• _REQUIRED ACTION_: A line qualifies if it holds the string "Watch". Copy every qualifying line from the records.

• _MATERIAL FOR THIS EXERCISE_:

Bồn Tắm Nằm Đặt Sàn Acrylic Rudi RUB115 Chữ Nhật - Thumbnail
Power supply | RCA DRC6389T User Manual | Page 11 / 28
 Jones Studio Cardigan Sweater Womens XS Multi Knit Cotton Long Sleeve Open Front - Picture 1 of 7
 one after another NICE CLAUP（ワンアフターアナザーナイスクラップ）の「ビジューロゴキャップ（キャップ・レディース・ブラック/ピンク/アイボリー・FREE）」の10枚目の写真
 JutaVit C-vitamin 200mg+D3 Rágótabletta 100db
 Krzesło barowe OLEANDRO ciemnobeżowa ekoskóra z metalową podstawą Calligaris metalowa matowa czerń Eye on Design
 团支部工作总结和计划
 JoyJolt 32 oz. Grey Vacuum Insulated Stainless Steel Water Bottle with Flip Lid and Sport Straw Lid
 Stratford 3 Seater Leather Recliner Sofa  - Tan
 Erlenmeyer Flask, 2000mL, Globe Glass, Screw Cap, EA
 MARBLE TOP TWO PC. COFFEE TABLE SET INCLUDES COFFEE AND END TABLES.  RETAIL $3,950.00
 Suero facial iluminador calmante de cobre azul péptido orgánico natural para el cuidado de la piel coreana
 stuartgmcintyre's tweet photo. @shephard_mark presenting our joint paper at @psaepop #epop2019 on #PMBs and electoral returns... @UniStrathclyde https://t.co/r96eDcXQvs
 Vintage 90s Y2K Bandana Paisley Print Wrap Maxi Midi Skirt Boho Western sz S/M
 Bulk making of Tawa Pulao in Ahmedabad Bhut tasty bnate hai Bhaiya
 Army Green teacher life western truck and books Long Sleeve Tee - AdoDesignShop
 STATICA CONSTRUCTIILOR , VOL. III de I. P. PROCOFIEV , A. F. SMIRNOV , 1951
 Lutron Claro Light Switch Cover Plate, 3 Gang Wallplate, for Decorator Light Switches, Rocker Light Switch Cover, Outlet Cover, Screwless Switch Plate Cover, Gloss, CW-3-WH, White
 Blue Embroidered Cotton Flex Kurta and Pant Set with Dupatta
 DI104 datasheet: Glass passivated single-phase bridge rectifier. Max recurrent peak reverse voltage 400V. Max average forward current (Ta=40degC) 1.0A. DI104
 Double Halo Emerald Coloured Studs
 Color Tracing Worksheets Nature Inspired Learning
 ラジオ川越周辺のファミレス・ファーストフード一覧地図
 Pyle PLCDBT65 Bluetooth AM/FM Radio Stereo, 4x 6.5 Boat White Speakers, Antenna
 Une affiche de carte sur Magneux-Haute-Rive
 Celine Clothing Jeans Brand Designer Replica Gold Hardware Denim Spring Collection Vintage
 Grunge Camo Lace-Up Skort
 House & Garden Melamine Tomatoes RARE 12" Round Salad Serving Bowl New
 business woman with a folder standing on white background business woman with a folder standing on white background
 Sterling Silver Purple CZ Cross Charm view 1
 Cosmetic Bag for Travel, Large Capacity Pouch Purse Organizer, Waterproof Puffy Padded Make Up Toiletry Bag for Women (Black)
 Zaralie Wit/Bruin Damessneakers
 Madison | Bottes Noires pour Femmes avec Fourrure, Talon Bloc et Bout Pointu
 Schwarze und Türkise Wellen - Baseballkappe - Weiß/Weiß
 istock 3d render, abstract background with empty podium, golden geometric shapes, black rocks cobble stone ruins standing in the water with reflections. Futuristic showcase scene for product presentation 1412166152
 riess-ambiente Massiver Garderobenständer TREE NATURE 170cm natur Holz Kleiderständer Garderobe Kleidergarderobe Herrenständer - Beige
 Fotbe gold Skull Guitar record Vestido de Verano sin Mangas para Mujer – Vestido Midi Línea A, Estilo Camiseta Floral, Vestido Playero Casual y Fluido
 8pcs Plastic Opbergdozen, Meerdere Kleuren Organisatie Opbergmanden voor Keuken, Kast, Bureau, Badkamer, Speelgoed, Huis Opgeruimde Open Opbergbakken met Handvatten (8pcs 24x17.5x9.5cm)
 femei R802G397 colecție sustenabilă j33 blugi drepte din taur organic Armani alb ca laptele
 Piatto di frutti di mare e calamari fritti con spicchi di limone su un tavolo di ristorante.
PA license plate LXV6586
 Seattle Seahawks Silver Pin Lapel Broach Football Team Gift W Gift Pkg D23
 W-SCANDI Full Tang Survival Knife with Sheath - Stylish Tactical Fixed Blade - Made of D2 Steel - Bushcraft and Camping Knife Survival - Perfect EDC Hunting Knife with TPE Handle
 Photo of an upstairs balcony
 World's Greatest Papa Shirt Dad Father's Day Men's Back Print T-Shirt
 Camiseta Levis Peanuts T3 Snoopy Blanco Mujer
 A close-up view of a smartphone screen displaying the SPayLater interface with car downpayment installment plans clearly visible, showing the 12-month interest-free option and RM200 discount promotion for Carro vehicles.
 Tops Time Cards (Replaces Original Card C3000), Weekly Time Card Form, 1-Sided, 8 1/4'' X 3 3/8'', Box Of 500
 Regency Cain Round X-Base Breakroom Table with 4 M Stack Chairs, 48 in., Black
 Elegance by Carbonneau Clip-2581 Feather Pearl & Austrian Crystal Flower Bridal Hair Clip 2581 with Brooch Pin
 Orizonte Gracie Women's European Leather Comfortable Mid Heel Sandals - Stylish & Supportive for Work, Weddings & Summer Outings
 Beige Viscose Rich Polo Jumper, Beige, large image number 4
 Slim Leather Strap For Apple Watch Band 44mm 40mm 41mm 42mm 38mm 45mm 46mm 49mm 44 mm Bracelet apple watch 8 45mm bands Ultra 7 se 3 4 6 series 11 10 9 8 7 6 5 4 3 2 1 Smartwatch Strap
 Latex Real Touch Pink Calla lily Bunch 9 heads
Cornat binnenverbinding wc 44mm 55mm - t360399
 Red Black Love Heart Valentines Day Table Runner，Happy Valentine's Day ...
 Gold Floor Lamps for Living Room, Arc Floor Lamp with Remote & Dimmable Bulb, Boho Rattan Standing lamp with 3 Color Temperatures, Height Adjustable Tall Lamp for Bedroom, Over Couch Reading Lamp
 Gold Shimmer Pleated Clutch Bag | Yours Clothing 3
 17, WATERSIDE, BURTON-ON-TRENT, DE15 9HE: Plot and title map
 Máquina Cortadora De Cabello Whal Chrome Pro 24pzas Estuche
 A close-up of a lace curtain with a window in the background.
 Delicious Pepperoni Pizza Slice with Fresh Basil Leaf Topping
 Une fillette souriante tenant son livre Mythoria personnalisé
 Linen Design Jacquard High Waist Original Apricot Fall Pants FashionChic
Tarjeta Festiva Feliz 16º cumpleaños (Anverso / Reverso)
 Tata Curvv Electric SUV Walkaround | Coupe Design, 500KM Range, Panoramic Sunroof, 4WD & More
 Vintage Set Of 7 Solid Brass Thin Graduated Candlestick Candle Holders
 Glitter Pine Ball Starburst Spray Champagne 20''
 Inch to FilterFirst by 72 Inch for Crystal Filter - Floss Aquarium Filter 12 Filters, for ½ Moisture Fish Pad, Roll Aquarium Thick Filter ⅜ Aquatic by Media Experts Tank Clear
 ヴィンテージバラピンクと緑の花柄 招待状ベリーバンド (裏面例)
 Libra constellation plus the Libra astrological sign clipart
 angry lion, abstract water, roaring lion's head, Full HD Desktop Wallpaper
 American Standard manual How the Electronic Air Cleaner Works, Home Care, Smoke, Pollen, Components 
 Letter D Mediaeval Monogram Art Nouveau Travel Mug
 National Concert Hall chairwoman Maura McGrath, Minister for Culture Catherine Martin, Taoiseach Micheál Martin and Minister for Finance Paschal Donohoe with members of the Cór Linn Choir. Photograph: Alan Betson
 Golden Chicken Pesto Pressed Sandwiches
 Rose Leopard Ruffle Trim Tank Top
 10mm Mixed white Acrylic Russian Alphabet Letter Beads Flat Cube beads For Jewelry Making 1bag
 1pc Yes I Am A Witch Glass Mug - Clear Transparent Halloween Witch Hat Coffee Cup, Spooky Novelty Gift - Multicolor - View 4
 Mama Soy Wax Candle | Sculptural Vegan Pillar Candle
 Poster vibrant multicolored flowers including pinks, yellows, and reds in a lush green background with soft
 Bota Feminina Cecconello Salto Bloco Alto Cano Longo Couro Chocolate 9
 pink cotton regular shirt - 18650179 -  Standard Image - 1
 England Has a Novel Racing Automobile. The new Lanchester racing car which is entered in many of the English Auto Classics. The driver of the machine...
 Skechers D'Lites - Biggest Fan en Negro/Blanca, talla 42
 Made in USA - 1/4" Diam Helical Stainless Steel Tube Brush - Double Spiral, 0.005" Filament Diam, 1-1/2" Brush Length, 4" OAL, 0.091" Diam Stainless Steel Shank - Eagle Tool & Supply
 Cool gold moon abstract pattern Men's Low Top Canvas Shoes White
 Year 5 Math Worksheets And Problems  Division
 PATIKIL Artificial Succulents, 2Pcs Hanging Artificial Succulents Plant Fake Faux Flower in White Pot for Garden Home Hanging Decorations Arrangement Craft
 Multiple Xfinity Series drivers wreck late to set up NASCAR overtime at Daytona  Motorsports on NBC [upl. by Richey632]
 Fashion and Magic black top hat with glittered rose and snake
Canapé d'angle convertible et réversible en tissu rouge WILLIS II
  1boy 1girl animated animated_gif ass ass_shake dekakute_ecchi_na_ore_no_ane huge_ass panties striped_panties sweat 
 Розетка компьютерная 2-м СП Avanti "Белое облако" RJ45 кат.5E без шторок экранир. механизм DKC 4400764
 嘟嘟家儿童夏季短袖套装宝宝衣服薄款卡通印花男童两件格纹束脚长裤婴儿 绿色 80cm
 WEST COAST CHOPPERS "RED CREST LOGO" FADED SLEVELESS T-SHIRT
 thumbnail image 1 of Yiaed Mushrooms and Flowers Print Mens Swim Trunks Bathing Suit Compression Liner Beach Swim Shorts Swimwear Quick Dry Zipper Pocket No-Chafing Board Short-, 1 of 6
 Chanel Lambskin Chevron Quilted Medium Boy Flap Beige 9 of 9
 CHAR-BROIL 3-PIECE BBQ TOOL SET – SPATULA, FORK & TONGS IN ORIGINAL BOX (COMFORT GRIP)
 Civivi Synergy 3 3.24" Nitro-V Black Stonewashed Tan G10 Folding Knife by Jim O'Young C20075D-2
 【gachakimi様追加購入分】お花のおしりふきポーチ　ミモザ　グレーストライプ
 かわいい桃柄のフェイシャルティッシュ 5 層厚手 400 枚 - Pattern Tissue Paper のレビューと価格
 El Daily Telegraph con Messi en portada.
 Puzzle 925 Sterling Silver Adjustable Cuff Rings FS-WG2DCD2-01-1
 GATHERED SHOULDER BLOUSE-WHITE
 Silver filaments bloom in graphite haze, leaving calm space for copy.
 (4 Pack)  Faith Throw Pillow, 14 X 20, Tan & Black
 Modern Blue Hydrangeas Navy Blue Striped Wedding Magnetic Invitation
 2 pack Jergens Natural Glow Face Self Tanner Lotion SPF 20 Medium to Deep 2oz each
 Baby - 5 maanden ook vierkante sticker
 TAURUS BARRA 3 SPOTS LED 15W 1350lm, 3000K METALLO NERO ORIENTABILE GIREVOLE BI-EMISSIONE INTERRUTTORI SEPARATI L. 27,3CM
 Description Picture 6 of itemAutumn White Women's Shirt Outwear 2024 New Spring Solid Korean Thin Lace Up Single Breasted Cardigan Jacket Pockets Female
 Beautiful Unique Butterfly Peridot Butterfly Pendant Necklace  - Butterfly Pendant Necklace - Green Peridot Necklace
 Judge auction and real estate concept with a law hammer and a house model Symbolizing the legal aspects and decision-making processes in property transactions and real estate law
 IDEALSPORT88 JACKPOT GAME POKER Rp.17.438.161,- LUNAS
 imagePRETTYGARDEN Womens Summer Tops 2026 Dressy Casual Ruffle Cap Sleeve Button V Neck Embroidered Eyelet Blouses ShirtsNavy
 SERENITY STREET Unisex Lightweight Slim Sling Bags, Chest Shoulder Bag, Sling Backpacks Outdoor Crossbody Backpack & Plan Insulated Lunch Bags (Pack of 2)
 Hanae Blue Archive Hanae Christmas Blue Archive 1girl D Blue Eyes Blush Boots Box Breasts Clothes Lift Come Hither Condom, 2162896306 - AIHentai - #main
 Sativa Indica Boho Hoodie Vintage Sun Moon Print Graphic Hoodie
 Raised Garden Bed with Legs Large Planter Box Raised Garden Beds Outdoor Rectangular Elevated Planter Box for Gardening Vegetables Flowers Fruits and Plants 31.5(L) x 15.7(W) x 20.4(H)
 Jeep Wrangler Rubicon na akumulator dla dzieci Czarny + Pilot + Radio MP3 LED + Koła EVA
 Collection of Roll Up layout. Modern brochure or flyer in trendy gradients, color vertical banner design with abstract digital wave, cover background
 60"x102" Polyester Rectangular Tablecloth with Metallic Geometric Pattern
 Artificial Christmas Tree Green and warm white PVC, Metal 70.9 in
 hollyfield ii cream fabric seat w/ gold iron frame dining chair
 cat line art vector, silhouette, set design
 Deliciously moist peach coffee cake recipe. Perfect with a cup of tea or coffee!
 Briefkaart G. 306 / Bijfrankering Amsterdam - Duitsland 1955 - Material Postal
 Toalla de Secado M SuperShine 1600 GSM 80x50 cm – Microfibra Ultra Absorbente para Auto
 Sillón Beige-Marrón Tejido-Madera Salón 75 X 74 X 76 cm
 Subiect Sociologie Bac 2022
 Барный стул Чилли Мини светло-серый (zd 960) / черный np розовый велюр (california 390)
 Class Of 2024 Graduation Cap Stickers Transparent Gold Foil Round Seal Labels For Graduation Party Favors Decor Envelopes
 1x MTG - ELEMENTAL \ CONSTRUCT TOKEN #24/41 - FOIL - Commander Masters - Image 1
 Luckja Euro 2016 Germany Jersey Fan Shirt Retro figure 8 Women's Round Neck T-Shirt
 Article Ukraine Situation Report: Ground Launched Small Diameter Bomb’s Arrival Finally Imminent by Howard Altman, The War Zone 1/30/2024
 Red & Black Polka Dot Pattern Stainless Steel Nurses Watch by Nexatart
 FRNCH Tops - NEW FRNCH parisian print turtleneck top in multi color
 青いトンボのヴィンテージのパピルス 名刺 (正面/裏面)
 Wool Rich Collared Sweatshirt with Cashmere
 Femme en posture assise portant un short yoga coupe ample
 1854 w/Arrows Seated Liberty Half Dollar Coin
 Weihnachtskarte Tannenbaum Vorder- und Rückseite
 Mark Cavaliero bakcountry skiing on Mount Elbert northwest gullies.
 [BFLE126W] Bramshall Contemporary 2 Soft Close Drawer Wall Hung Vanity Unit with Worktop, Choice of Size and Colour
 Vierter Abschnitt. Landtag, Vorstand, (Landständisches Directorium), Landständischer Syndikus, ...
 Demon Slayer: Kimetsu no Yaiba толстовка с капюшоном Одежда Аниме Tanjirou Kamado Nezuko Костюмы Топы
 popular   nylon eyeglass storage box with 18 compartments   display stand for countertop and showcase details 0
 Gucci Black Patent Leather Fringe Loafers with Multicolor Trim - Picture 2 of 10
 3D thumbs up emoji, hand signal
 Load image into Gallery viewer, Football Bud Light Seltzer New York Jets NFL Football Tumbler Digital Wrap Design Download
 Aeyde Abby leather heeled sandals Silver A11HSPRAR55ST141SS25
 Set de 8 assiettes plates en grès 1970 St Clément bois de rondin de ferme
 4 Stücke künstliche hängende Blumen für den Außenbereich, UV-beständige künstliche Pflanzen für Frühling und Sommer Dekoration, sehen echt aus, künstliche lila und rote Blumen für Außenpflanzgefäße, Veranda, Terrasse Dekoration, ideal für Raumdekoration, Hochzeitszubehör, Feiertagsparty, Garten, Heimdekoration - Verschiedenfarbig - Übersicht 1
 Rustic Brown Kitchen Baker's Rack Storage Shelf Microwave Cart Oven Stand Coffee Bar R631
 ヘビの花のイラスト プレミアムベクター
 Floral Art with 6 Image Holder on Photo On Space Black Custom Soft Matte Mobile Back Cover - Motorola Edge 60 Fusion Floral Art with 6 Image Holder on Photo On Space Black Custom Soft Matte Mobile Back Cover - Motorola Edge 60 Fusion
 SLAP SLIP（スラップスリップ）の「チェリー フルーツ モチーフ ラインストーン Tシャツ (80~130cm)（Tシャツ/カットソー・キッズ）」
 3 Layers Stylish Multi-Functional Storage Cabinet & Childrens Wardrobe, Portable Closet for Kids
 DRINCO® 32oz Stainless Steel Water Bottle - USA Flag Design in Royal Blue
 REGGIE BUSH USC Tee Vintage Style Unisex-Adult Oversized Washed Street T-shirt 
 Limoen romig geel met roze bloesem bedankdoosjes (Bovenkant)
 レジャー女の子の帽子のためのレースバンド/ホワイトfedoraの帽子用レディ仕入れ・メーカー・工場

• _EXERCISE SOLUTION_:
 Slim Leather Strap For Apple Watch Band 44mm 40mm 41mm 42mm 38mm 45mm 46mm 49mm 44 mm Bracelet apple watch 8 45mm bands Ultra 7 se 3 4 6 series 11 10 9 8 7 6 5 4 3 2 1 Smartwatch Strap
 Red & Black Polka Dot Pattern Stainless Steel Nurses Watch by Nexatart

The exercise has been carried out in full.